On the contrary, incomplete dominance is a quantitative approach to incompletely dominant alleles.
Blood groups in humans (A, B, AB, O) are codominant. None of them dominates the other. You can observe all of them in different individuals.
Mirabilis jalapa flowers exhibit incomplete dominance as the red and white parent flowers give rise to a pink hybrid progeny.
What is dominance?
Dominance refers to the relationship between two alleles of heterozygous individuals. One of these alleles might be completely or incompletely dominant over the other. Sometimes, none of them is dominant or recessive. The expressed phenotype is called the dominant trait. On the other hand, the recessive trait is the suppressed phenotype.

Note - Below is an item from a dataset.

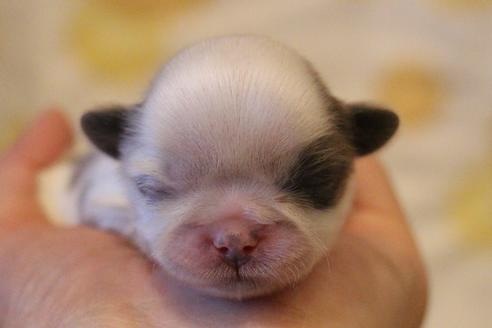 成約済の愛知県のシーズー-59825の29枚目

What are multiple alleles?
Normally, each phenotype has two alleles, one of which may be dominant over the other. However, some phenotypes have more than two alleles. They are known as multiple alleles.
What is incomplete dominance in Punnett square?
An incomplete dominance Punnett square is used to show the hybrid between two alleles.
The Bottom Line
Codominance and incomplete dominance contribute vastly to the study of phenotypes. Initially, all alleles were considered dominant or recessive. But, codominant and incompletely dominant alleles in heterozygous organisms are dominant. None completely dominates the other. Either they coexist in codominance, or one is slightly dominant over the other during incomplete dominance. Blood groups in humans are codominant, whereas hybrid flowers are examples of incomplete dominance.